[Dataset excerpts]

=== Begin Enclosure ===

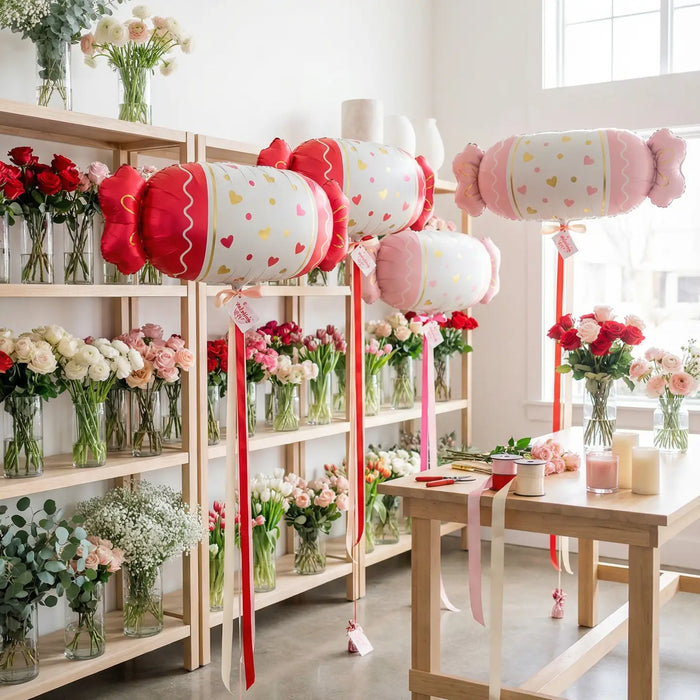 Candy-Shaped Valentine Foil Balloon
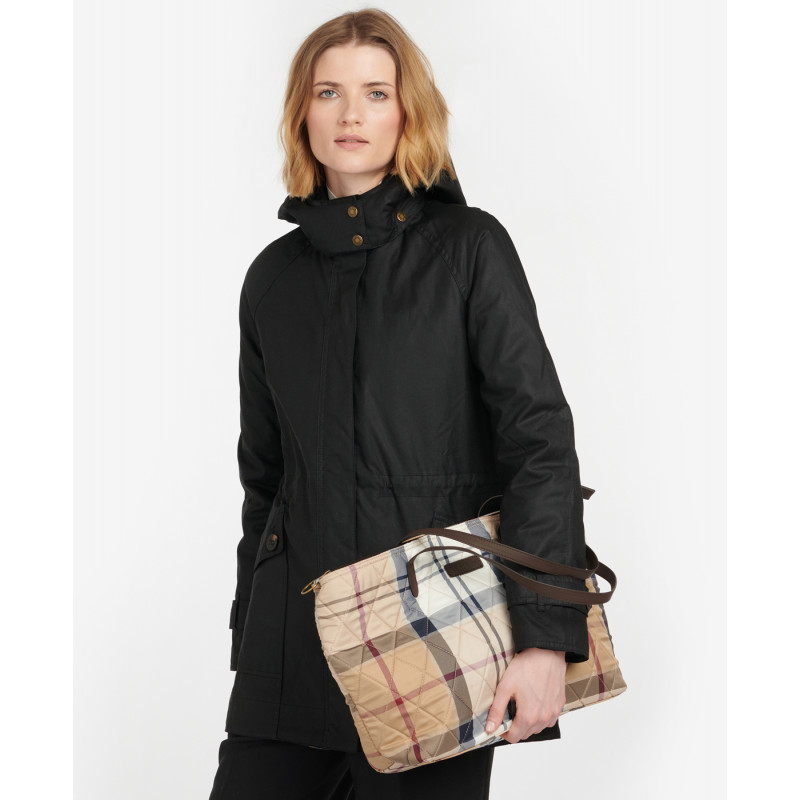 Sac matelasse Wetherham tartan Barbour
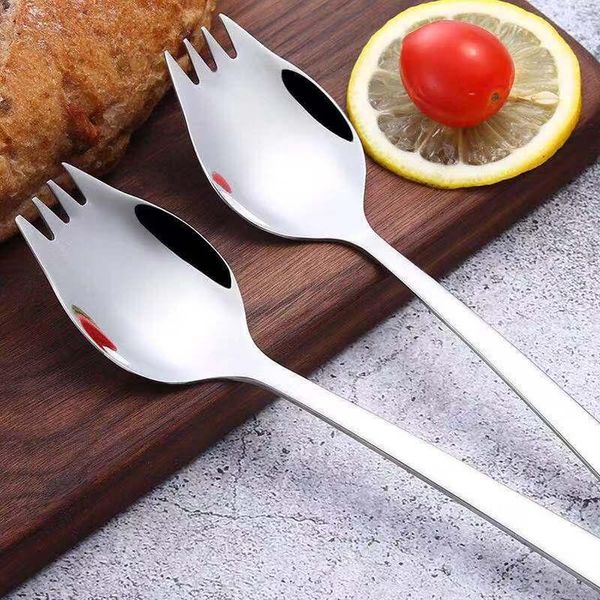 spoons 2 in 1 stainless steel spoon fork household kitchen dessert fruit coffee tea gadgets tableware accessories
spoons 2 in 1 stainless steel spoon fork household kitchen dessert fruit coffee tea gadgets tableware accessories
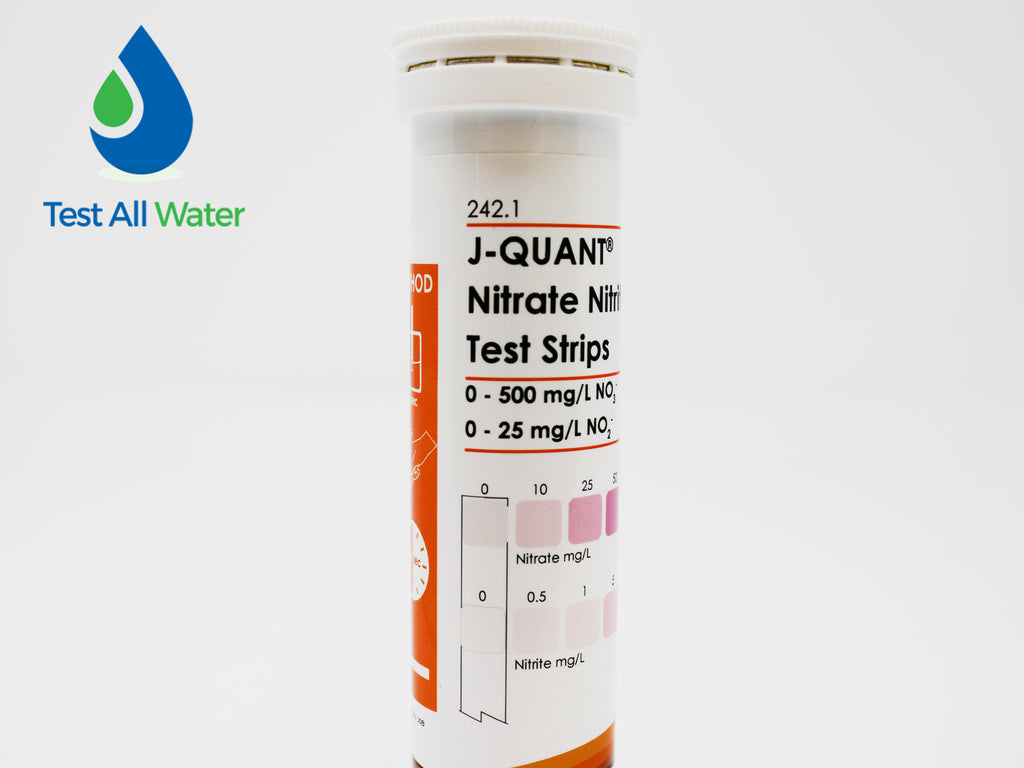 J-QUANT Nitrate/Nitrite 25-500 Test Strips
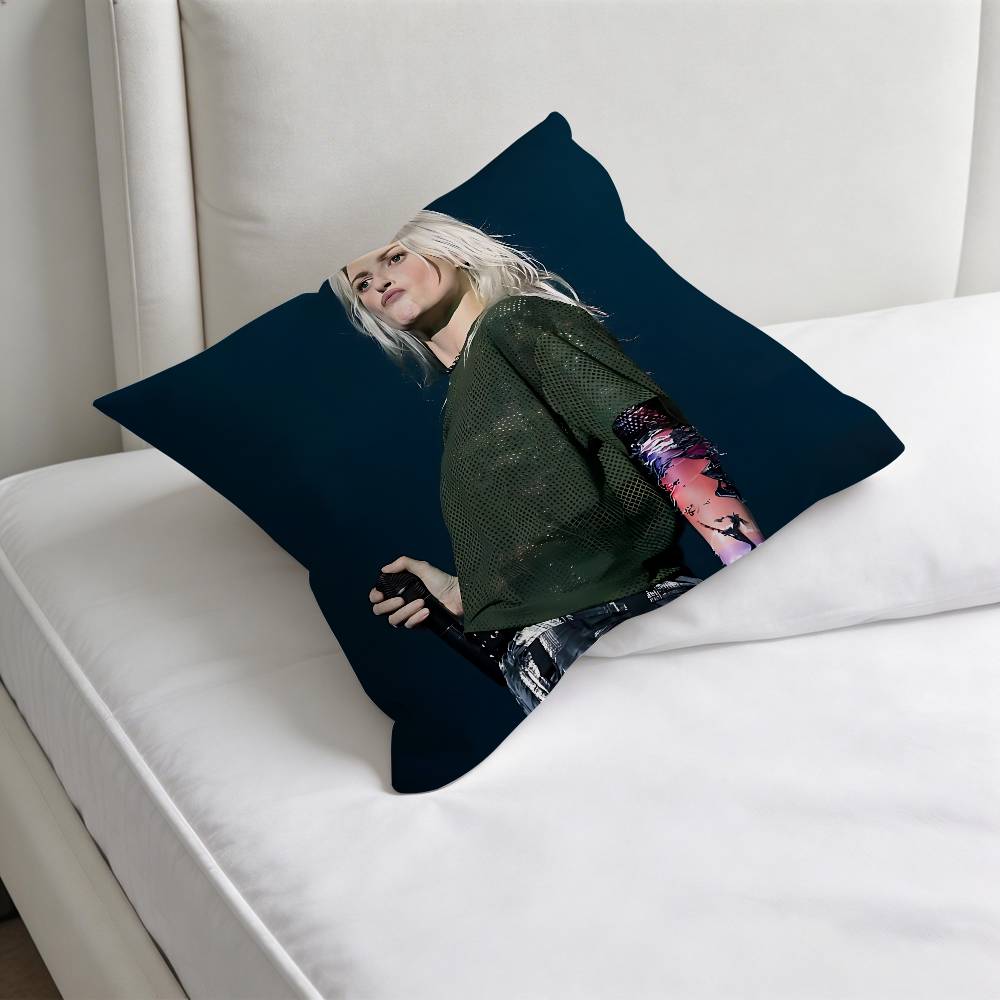 Singer EEmily AArmstrong Fashion Square Pillow Case Durable Throw Pillow Cover for Sofa Couch Chair 30x30cm 12x12in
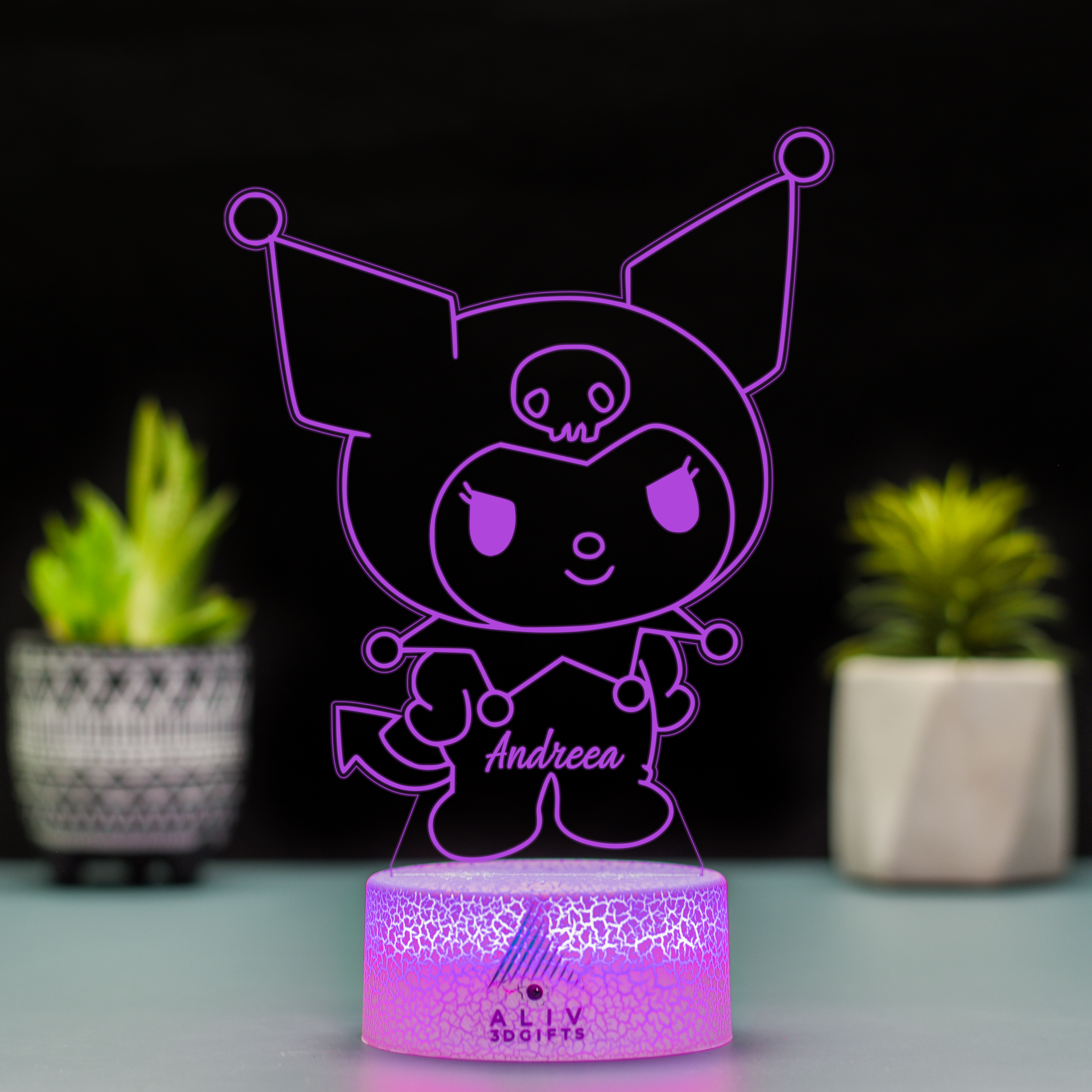 Lampă Led 3D - Kuromi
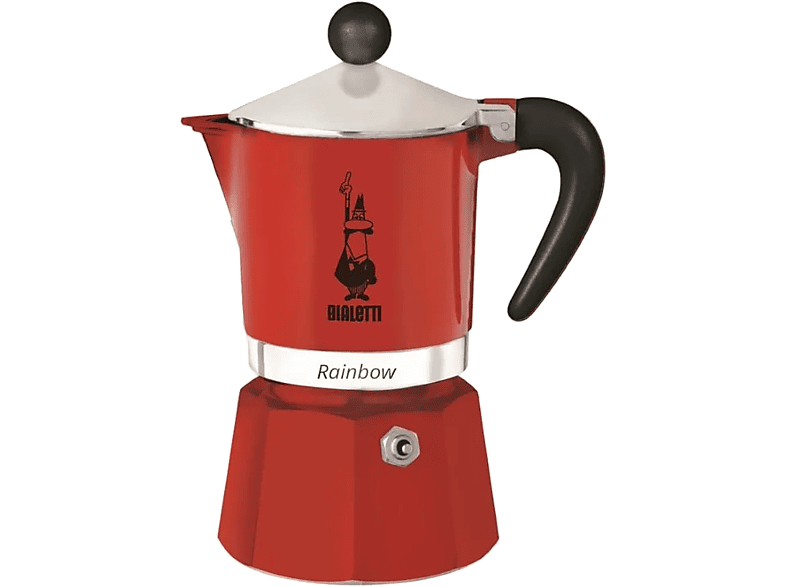 BIALETTI Rainbow kotyogós piros 1adagos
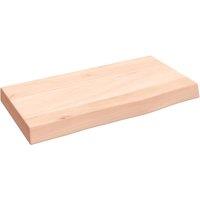 Vidaxl Wall Shelf 40X20X4 Cm Untreated Solid Wood Oak, Brown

=== End Enclosure ===

Requirement. In the answer, the entries should be restated verbatim, with all pictures omitted.

Answer to the problem.
 Candy-Shaped Valentine Foil Balloon
 Sac matelasse Wetherham tartan Barbour
 spoons 2 in 1 stainless steel spoon fork household kitchen dessert fruit coffee tea gadgets tableware accessories
spoons 2 in 1 stainless steel spoon fork household kitchen dessert fruit coffee tea gadgets tableware accessories
 J-QUANT Nitrate/Nitrite 25-500 Test Strips
 Singer EEmily AArmstrong Fashion Square Pillow Case Durable Throw Pillow Cover for Sofa Couch Chair 30x30cm 12x12in
 Lampă Led 3D - Kuromi
 BIALETTI Rainbow kotyogós piros 1adagos
 Vidaxl Wall Shelf 40X20X4 Cm Untreated Solid Wood Oak, Brown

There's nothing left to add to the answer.